The management of Sime Darby Plantation Liberia (SDPL) says it looks forward to resuming full operations here once the country is declared Ebola freed.
The Malaysian company scaled down operations following the devastated outbreak of the Ebola virus about six months ago, but has maintained 2,800 local workers, who continue to receive benefits, including subsidized food and free healthcare.
“Liberia is going through a very difficult time and SDPL made the decision to continue operations and maintain local staff strength despite scaling back. Hopefully, we will be free of Ebola this year and full operations can resume. Sime Darby wants to continue with its plans as a long-term investor,” said Roslin Azmy Hassan, Head of Operations for SDPL.
New Ebola cases have reduced significantly in Liberia so far, while Nigeria and Mali have been declared free of Ebola by the World Health Organization.
For SDPL, another important consideration for resuming full-scale operation is to uphold the company’s high social and environmental standards, including protection of High Carbon Stock area as an additional environmental yardstick.
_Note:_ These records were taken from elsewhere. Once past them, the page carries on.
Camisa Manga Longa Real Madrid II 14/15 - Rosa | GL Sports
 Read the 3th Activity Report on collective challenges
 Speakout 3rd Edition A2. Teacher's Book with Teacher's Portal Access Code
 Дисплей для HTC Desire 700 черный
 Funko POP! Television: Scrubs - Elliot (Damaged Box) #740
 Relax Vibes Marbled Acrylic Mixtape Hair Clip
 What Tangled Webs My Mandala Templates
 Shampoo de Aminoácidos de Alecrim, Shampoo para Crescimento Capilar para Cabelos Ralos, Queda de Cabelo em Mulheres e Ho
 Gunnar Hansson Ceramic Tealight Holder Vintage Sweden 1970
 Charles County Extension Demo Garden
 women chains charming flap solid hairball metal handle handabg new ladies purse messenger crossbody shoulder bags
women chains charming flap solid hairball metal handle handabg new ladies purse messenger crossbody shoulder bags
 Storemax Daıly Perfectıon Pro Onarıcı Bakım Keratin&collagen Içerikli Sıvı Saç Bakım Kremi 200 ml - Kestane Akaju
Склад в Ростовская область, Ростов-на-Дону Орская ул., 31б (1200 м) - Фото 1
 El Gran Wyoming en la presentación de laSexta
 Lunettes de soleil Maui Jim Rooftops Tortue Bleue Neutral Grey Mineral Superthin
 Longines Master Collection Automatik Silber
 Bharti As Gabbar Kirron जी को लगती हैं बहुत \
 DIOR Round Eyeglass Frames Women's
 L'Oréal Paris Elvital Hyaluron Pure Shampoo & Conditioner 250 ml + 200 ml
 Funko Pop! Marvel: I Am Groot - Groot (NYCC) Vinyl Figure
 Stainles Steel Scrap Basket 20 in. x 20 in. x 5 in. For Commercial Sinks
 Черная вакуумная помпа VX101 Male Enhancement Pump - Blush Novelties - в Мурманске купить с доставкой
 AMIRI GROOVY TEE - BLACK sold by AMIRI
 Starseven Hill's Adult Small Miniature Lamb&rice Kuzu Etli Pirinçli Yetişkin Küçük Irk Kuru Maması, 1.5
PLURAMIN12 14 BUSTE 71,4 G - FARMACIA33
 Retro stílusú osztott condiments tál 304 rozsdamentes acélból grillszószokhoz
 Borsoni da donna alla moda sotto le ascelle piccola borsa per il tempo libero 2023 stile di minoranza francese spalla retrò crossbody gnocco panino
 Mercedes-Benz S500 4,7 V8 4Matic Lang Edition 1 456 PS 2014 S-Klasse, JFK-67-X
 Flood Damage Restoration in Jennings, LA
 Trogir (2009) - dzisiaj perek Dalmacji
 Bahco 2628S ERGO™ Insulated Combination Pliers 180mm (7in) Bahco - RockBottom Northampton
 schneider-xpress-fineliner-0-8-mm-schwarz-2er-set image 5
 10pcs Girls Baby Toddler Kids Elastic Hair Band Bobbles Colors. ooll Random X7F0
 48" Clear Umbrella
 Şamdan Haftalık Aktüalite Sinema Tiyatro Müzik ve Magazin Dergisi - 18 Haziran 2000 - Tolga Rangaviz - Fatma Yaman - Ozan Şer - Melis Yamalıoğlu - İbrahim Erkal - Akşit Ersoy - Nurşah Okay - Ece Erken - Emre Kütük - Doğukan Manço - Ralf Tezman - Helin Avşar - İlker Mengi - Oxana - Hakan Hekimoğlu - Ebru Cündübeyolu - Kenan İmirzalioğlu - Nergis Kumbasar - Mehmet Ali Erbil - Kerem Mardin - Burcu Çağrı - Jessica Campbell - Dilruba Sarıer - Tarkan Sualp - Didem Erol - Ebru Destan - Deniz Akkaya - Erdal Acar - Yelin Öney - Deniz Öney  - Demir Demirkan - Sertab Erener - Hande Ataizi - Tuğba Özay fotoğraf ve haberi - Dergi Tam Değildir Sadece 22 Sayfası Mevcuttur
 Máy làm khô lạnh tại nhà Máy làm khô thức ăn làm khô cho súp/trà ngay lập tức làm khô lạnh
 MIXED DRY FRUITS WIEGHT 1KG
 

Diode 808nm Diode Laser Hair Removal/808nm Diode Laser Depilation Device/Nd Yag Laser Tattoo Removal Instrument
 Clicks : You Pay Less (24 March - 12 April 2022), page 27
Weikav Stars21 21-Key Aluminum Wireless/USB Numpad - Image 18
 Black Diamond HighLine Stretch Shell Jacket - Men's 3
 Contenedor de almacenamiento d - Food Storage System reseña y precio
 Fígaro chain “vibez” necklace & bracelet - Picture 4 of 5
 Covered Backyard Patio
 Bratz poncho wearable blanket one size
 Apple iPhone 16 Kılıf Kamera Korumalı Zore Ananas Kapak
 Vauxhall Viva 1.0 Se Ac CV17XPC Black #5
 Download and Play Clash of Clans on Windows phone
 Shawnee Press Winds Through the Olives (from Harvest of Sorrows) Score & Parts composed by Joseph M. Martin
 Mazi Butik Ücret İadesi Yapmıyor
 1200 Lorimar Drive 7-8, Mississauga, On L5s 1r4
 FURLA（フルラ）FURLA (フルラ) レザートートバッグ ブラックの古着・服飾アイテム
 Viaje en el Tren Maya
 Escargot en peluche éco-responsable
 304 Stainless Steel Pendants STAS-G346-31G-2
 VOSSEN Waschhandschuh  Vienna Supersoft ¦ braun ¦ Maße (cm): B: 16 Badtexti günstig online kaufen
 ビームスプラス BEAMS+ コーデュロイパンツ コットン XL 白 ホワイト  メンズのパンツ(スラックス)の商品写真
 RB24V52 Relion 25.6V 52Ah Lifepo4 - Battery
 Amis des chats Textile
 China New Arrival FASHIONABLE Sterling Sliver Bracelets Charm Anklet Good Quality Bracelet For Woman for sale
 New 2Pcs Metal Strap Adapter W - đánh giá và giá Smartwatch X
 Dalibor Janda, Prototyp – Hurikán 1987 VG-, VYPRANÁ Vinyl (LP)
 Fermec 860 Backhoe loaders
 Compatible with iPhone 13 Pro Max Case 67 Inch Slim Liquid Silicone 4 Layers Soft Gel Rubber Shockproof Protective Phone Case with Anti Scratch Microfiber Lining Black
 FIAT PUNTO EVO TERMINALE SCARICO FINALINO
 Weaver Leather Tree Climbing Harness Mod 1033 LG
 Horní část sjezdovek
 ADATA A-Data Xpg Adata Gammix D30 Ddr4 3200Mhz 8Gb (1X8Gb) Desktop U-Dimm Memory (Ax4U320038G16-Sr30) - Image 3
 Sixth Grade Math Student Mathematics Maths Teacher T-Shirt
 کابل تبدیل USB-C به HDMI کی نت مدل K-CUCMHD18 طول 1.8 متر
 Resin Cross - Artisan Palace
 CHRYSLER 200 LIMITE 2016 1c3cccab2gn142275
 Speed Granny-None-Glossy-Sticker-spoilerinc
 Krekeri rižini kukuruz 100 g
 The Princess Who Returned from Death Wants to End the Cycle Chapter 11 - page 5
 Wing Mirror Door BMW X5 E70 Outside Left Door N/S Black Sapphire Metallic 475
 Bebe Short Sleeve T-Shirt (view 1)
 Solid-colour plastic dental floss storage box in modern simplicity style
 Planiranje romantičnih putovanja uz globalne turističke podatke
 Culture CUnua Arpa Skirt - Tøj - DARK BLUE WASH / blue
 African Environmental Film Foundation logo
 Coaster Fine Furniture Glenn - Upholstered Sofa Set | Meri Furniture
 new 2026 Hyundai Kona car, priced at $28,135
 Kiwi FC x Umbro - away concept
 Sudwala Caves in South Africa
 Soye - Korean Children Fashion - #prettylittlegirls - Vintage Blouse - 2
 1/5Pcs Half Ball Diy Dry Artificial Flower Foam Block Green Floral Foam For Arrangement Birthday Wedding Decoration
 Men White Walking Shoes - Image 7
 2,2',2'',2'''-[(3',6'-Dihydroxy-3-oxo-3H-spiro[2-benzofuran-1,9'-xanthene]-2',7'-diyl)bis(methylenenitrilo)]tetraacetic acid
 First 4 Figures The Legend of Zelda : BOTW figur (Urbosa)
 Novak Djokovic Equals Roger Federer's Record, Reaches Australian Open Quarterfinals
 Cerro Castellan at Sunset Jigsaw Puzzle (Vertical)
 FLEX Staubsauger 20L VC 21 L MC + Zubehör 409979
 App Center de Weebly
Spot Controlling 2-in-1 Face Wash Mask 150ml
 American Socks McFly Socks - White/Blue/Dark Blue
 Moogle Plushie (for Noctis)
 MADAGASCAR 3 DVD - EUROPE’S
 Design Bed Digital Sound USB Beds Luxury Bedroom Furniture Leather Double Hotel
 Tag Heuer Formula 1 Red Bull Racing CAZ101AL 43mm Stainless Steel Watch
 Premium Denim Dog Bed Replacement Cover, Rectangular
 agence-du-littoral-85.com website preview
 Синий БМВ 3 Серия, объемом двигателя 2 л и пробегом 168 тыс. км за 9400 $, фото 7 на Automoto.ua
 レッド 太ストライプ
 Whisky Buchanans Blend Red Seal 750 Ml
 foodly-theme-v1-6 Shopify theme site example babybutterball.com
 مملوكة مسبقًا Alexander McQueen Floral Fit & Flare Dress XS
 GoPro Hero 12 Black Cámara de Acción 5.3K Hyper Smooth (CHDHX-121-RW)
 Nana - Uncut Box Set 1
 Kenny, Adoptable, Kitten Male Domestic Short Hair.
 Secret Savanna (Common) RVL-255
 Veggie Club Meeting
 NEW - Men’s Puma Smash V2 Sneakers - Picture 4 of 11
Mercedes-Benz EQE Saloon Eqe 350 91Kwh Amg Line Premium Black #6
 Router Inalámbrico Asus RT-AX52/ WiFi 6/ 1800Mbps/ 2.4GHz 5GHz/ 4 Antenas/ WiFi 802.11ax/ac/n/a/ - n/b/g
At the international level, Sime Darby, together with a group of major palm oil companies, is undertaking a high carbon study to determine which forested area cannot be cleared beyond primary forests. The study will also consider Liberia’s right to develop land and that will help to assist the economy and its people. The study is being currently conducted by a group of renowned scientists and is due to be completed at the end of 2015.
To fulfill this commitment, Sime Darby has put on hold any new land clearing for oil palm worldwide, including in Liberia. The moratorium on new land clearing was discussed with the Goverment of Liberia and also with the affected communities, namely Zodua Clan.
“The people of Zodua have good relationship with Sime Darby and we hope that Sime Darby will continue its operation,” said Baokai Kormah, chairman of Zodua Land Committee.
The company and the government representatives had met with Zodua leaders on several occasions and explained the rationale for the moratorium. Prior to the stop work order, SDPL had already cleared 350 ha of the concession area. To maintain 120 jobs for Zodua residents, the company has been organizing work programmes for them such as holing, stacking and planting on the 122 ha of land that has been already cleared.
The last 12 months have been difficult for the country due to unprecedented outbreak of the Ebola virus.
SDPL had been working closely with local communities, civil society organizations, and Ebola Treatment Centres to provide much needed food, fuel, chlorine and other medical supplies. Strict precautionary measures were introduced to guard SDPL employees from contracting the virus.
SDPL’s clinic has been one of the very few that was open to the public, free of charge, during the whole Ebola outbreak period. SDPL has also equipped two of its vehicles to serve as ambulances to transport people suspected of Ebola.
Furthermore, the company established a partnership with Red Cross in Liberia and donated $157,000 in support of its program in GCM and Bomi counties. The company has also donated 5.7 million medical gloves worth $157,000 to the Government of Liberia.